SAGE: Structure-Aware Generative Video Transitions between Diverse Clips

TL;DR

SAGE tackles the problem of creating coherent transitions between diverse clips by leveraging structure-aware guidance to a pretrained diffusion-based inbetweening model in a zero-shot setting. It detects and matches salient line structures, propagates them with motion-aware B-spline trajectories, and conditions the diffusion model on edge maps to produce semantically consistent frames. The method blends geometric priors with generative synthesis to maintain structural integrity and motion continuity, outperforming cross-fade and state-of-the-art baselines on both quantitative metrics and user studies. The approach enables content-aware transitions without fine-tuning and opens avenues for semantic and appearance-guided enhancements.

Abstract

Video transitions aim to synthesize intermediate frames between two clips, but naive approaches such as linear blending introduce artifacts that limit professional use or break temporal coherence.
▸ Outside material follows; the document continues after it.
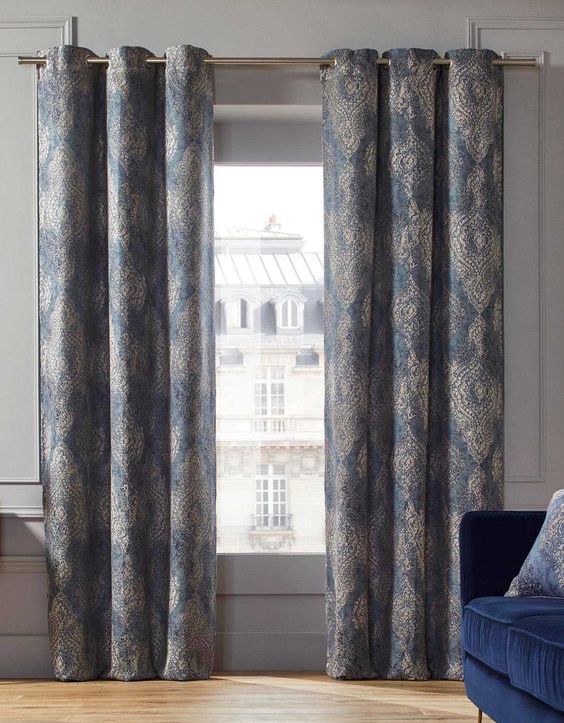 Long white curtains with blue motifs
Traditional techniques (cross-fades, morphing, frame interpolation) and recent generative inbetweening methods can produce high-quality plausible intermediates, but they struggle with bridging diverse clips involving large temporal gaps or significant semantic differences, leaving a gap for content-aware and visually coherent transitions. We address this challenge by drawing on artistic workflows, distilling strategies such as aligning silhouettes and interpolating salient features to preserve structure and perceptual continuity. Building on this, we propose SAGE (Structure-Aware Generative vidEo transitions) as a zeroshot approach that combines structural guidance, provided via line maps and motion flow, with generative synthesis, enabling smooth, semantically consistent transitions without fine-tuning. Extensive experiments and comparison with current alternatives, namely [FILM, TVG, DiffMorpher, VACE, GI], demonstrate that SAGE outperforms both classical and generative baselines on quantitative metrics and user studies for producing transitions between diverse clips. Code to be released on acceptance.

Figures (6)

• Figure 1: Artist-designed transitions. Two artist-crafted transitions illustrate the heuristics that inspire SAGE; full sequences are provided in the supplemental. (i) Structural anchoring: silhouettes and edges are aligned across clips to prevent scene collapse, as highlighted by the matching colored lines. (ii) Motion continuity: dominant flows such as camera pans are preserved to ensure fluid evolution, as indicated by the white arrows. (iii) Layered blending: foreground objects morph while backgrounds fade, reducing ghosting and clutter (not depicted here). These principles motivate our design of structure- and motion-aware generative transitions.
• Figure 2: Method overview. Given two clips, we extract structural lines, optical flow, and foreground masks (Stage I). We match and interpolate these structures using motion-aware B-spline trajectories (Stage II), producing intermediate line sets $\{L_t\}_{t=1}^T$. These are then used to condition a pretrained generative inbetweening model (Stage III), yielding smooth and motion-aware transitions between diverse clips.
• Figure 3: Trajectory ablations for structural guidance. (a) Input frames with computed optical flow and segmentation; (b) Linear interpolation of all matched lines across foreground and background, resulting in trajectory crossings and line mismatches when semantic structure is ignored; (c) Linear interpolation restricted to foreground lines (selected by $M_A$), yielding clearer trajectories for salient structures but still exhibiting crossover and motion inconsistency; (d) Motion-aware guidance combining the global bounding-box trajectory $\{B_t\}_{t=1}^T$ with local line trajectories $\{L_t\}_{t=1}^T$, aligning structural evolution with scene/camera motion, as indicated in (a), while reducing trajectory crossovers.
• Figure 4: Result gallery. Qualitative results on diverse video clips, showcasing the model's performance on complex transitions in scene scale (local-global), object category, and motion direction. Full videos are available on our supplementary webpage.
• Figure 5: Comparisons. Qualitative comparison with baseline methods, demonstrating that SAGE generates more plausible video transitions by maintaining consistency in motion, foreground objects, and background scenery. Full videos are available on our supplementary webpage.